July 6, 2018
The Bespin Project
In the spring of 2017, an international team of students from Luleå University of Technology in Sweden gathered together to brainstorm a REXUS/BEXUS program idea. The European program supports scientific and technological experiments on research rockets and balloons, sending two of each into space every year.
After some deliberation by the team, it was a scientific article on the potential of a manned mission to the upper Venusian atmosphere that gave the impetus for the Balloon Ejection Student Prototype INvestigation (BESPIN) Project. Though Venus’s runaway greenhouse effect makes the planet’s surface hot enough to melt lead, at a height of 50km temperature and pressure conditions are very similar to those found on Earth. This makes a balloon-assisted manned mission to Venus highly plausible.

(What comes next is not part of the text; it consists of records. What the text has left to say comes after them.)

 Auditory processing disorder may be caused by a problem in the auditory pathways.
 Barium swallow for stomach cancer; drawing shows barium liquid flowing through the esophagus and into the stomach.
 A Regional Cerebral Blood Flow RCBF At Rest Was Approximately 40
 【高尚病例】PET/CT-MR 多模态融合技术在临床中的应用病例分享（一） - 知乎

That’s why the BESPIN experiment is made up of two parts – a flotation probe and a descent probe. At apogee (around 50 miles), both probes are ejected as a single free-falling unit (FFU) from the rocket’s nose-cone. The FFU freefalls until it reaches an altitude of about 3 miles, when a parachute is deployed on the descent probe.

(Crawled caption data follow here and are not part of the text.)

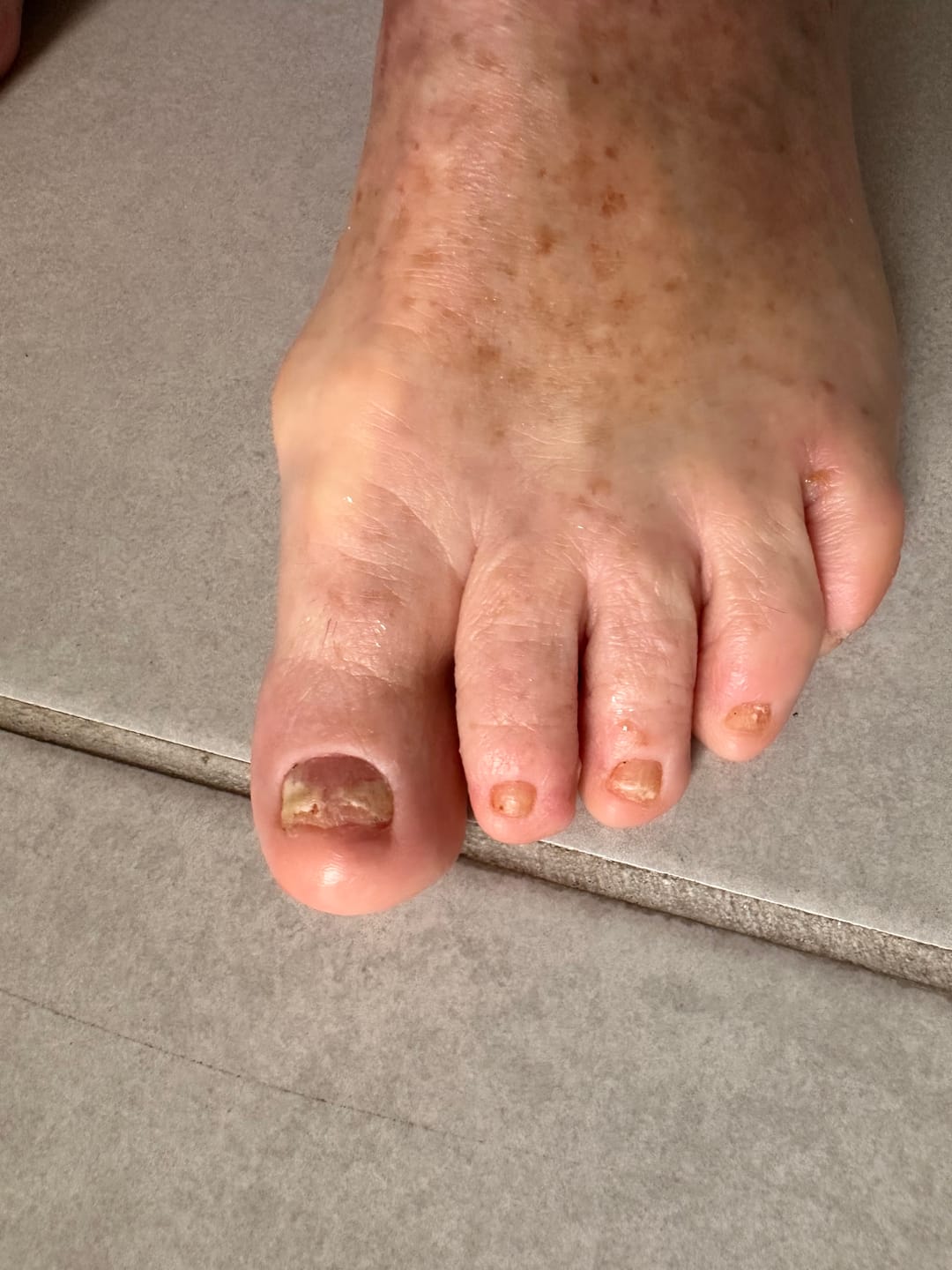 Customer photo review of Fungal Freedom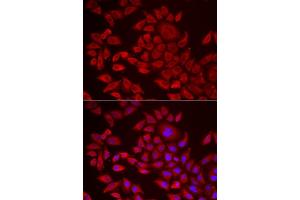 Immunofluorescence analysis of HeLa cells using  antibody (ABIN6129825, ABIN6136640, ABIN6136641 and ABIN6222174). (AGPAT2 Antikörper  (AA 199-278))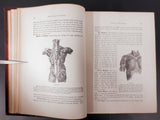 Antique Medical Book 1903, Medicology Encyclopedia, Illustrated Unfolding Plates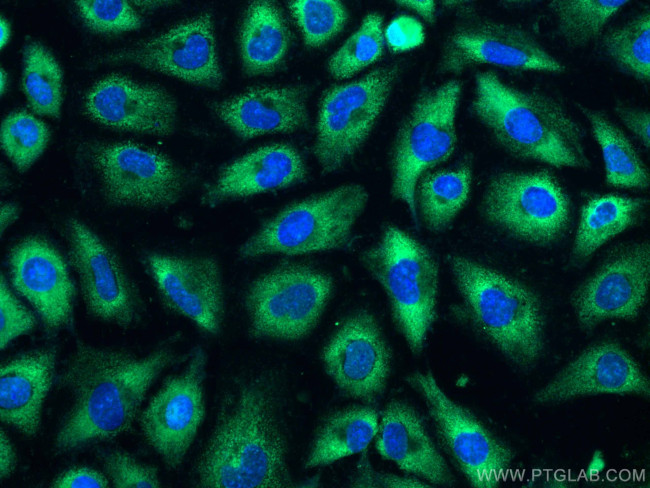 RHOC Antibody in Immunocytochemistry (ICC/IF)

When the FFU’s velocity has dropped below 7 m/s, a balloon on the flotation probe will inflate. Once it’s fully inflated, the descent and flotation probes will separate. The descent probe will continue parachuting down towards the ground, while the flotation probe uses its fully inflated balloon to attempt a controlled descent.
Following the deployment of the descent probe parachute, the team will be using a RockBLOCK to communicate housekeeping and positional data to a ground station. Like the rest of the equipment, the RockBLOCK will be undergoing rigorous testing to ascertain its suitability for vibration, shock, and pressure changes associated with the mission.